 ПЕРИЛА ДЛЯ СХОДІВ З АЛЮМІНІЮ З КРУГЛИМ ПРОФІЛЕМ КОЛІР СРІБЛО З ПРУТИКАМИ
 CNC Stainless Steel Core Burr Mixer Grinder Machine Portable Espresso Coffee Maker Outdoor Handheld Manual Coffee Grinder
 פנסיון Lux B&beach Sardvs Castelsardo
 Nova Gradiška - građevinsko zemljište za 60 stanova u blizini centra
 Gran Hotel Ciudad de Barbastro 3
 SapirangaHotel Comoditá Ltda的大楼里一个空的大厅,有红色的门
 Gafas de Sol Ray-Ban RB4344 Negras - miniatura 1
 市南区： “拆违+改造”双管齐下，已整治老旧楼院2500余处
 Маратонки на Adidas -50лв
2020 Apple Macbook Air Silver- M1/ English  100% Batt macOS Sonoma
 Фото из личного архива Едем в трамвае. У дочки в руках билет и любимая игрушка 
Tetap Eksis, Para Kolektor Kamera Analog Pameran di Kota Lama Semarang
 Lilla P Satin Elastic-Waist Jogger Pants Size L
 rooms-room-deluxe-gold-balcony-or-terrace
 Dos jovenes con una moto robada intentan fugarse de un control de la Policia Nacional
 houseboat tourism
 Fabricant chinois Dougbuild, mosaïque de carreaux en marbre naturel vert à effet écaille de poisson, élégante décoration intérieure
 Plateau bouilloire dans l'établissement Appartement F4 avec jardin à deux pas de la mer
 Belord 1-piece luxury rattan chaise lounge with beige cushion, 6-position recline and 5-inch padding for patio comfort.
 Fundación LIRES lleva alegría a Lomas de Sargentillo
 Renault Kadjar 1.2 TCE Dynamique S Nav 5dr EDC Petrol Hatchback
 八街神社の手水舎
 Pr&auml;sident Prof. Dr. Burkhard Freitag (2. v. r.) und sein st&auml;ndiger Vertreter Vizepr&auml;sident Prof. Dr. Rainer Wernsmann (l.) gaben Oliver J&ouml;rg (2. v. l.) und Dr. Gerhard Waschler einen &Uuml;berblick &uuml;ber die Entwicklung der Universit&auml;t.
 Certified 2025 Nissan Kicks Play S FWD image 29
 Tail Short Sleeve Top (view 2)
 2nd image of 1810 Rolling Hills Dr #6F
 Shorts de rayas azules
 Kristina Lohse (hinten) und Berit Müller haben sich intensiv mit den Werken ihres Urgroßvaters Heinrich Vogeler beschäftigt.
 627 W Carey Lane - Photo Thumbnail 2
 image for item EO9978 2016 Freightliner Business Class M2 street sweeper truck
________________
▶ [ABOUT THIS TASK]:
Render every record verbatim. Nothing should be left out.

▶ [EXERCISE ANSWER]:
 ПЕРИЛА ДЛЯ СХОДІВ З АЛЮМІНІЮ З КРУГЛИМ ПРОФІЛЕМ КОЛІР СРІБЛО З ПРУТИКАМИ
 CNC Stainless Steel Core Burr Mixer Grinder Machine Portable Espresso Coffee Maker Outdoor Handheld Manual Coffee Grinder
 פנסיון Lux B&beach Sardvs Castelsardo
 Nova Gradiška - građevinsko zemljište za 60 stanova u blizini centra
 Gran Hotel Ciudad de Barbastro 3
 SapirangaHotel Comoditá Ltda的大楼里一个空的大厅,有红色的门
 Gafas de Sol Ray-Ban RB4344 Negras - miniatura 1
 市南区： “拆违+改造”双管齐下，已整治老旧楼院2500余处
 Маратонки на Adidas -50лв
2020 Apple Macbook Air Silver- M1/ English  100% Batt macOS Sonoma
 Фото из личного архива Едем в трамвае. У дочки в руках билет и любимая игрушка 
Tetap Eksis, Para Kolektor Kamera Analog Pameran di Kota Lama Semarang
 Lilla P Satin Elastic-Waist Jogger Pants Size L
 rooms-room-deluxe-gold-balcony-or-terrace
 Dos jovenes con una moto robada intentan fugarse de un control de la Policia Nacional
 houseboat tourism
 Fabricant chinois Dougbuild, mosaïque de carreaux en marbre naturel vert à effet écaille de poisson, élégante décoration intérieure
 Plateau bouilloire dans l'établissement Appartement F4 avec jardin à deux pas de la mer
 Belord 1-piece luxury rattan chaise lounge with beige cushion, 6-position recline and 5-inch padding for patio comfort.
 Fundación LIRES lleva alegría a Lomas de Sargentillo
 Renault Kadjar 1.2 TCE Dynamique S Nav 5dr EDC Petrol Hatchback
 八街神社の手水舎
 Pr&auml;sident Prof. Dr. Burkhard Freitag (2. v. r.) und sein st&auml;ndiger Vertreter Vizepr&auml;sident Prof. Dr. Rainer Wernsmann (l.) gaben Oliver J&ouml;rg (2. v. l.) und Dr. Gerhard Waschler einen &Uuml;berblick &uuml;ber die Entwicklung der Universit&auml;t.
 Certified 2025 Nissan Kicks Play S FWD image 29
 Tail Short Sleeve Top (view 2)
 2nd image of 1810 Rolling Hills Dr #6F
 Shorts de rayas azules
 Kristina Lohse (hinten) und Berit Müller haben sich intensiv mit den Werken ihres Urgroßvaters Heinrich Vogeler beschäftigt.
 627 W Carey Lane - Photo Thumbnail 2
 image for item EO9978 2016 Freightliner Business Class M2 street sweeper truck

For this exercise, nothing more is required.